Pre-deployment audit against a specified DAG. If your model validation team has a domain-knowledge causal structure — not one estimated from training data, but one specified independently by subject-matter experts and reviewed by actuaries — you could run Causal SHAP to check whether any feature receives material attribution only through correlation with a variable that has no plausible direct causal path to claims. This is a sanity check, not a factor table.

Telematics feature selection. Telematics data has genuine causal structure that practitioners understand reasonably well: trip distance causes exposure to claims; hard braking indicates driving style; night driving is partly a proxy for occupation type. With a defensible domain-knowledge DAG over 8-12 telematics features, the hidden-confounder problem is smaller than for a full rating dataset. Causal SHAP could help decide which telematics features are measuring genuinely independent risk dimensions and which are redundant.

FCA proxy discrimination evidence. Under FCA EP25/2 (November 2025, in force February 2026), firms must demonstrate they have investigated proxy discrimination and taken corrective action where found. If you want to argue that postcode has no direct discriminatory effect after conditioning on socioeconomic features, you need a causal argument. Causal SHAP provides the framework — but the argument only holds if you have an independently validated causal DAG, not one estimated from the very data you are explaining.


The implementation gap

The fast-causal-shap package (v0.3.0, January 2026, MIT licence) is a research codebase. The repository is 98.5% Jupyter Notebooks. The README usage section says “// To be added”. The package requires a pre-specified causal graph as a JSON dictionary — the PC/IDA discovery described in the paper is not run internally. Model support is scikit-learn estimators only; CatBoost, LightGBM, and XGBoost are not supported natively.
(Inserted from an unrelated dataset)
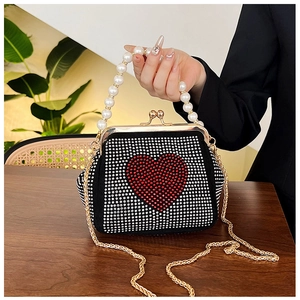 Detailed view of luxury evening bag with pearl handle and rhinestone heart pattern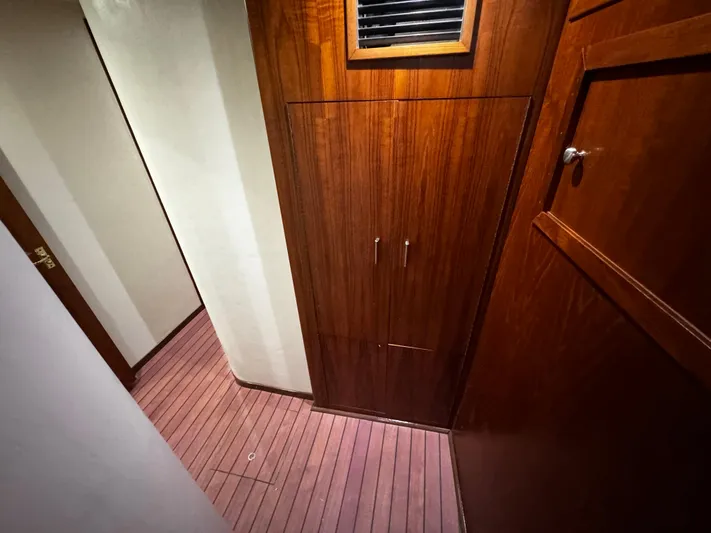 Sweet Melissa Yacht Photos Pics Interior hallway of 1992 Ocean Yachts 48 Convertible with wooden cabinetry and flooring.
The method name compute_modified_shap_proba() suggests the implementation targets classification tasks only. For insurance frequency-severity modelling — Poisson or Tweedie GBMs with log-link — there is no supported path.

We are not planning to integrate Causal SHAP into shap-relativities in its current form. The methodological objections above are the main reason. The implementation gap is secondary.


What to watch

The paper’s stated future work includes FCI (Fast Causal Inference) as a replacement for PC when hidden confounders are present. FCI relaxes the causal sufficiency assumption by allowing for latent common causes and returning a PAG (partial ancestral graph) rather than a CPDAG. If a follow-up paper delivers FCI-based causal SHAP with demonstrated performance on datasets with realistic hidden confounder structure, the applicability to insurance data improves significantly.

We are also watching for any insurance-specific application that demonstrates factor table improvement on a public benchmark — freMTPL2 or similar — with features that have the kind of known correlational structure typical of UK motor data.

Until then: if you are running shap-relativities and you are worried about correlated-feature attribution stability, the immediate mitigations are to use feature_perturbation="interventional" with a representative background dataset (which corrects for impossible-data-point sampling without requiring a causal graph), and to document in your governance materials that paired features like NCD and vehicle age have shared attribution that cannot be uniquely decomposed. That is an honest answer to a hard question. It is more honest than a Causal SHAP factor table derived from a causal graph you estimated from your own training data.


Paper: Ng, Wang, Liu, Fan (2025). “Causal SHAP: Feature Attribution with Dependency Awareness through Causal Discovery.” IJCNN 2025. arXiv:2509.00846. Implementation: fast-causal-shap v0.3.0 (PyPI, MIT). Related: Extracting SHAP Relativities from Insurance GBMs, shap-relativities.